Yes. Odoo allows you to link landed costs to any validated receipt regardless of date, as long as the inventory layers are still reconcilable. However, applying landed costs to old receipts in a closed fiscal period will create backdated journal entries. Always confirm with your accountant before doing this in a live accounting environment.
Does landed cost work with Odoo's manufacturing module for BOM costing?
Yes, and this is where the real value is. Once landed costs update a product's AVCO or FIFO unit cost, every Bill of Materials that includes that ingredient automatically reflects the new cost in the BOM cost analysis. Your manufacturing orders will carry accurate COGS from the moment production starts with no manual updates needed.
What if my freight invoice covers multiple purchase orders?
Odoo lets you link a single landed cost entry to multiple warehouse receipts. Select all relevant pickings in the Transfers field on the landed cost form. The system then proportionally allocates the total cost across all receipts based on your chosen split method. This is standard practice for consolidated shipments covering multiple POs.
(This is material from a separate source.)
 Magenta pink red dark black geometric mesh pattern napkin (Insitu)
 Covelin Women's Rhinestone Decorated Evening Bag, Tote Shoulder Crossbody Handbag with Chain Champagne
Is Odoo landed cost calculation compliant with IFRS and US GAAP?
Yes. Both IFRS (IAS 2) and US GAAP (ASC 330) require that inventory be measured at purchase cost plus all costs incurred in bringing inventory to its present location and condition, which explicitly includes freight, customs duty, and handling. Odoo's landed cost allocation directly satisfies this requirement by embedding these costs into inventory valuation rather than expensing them as period costs.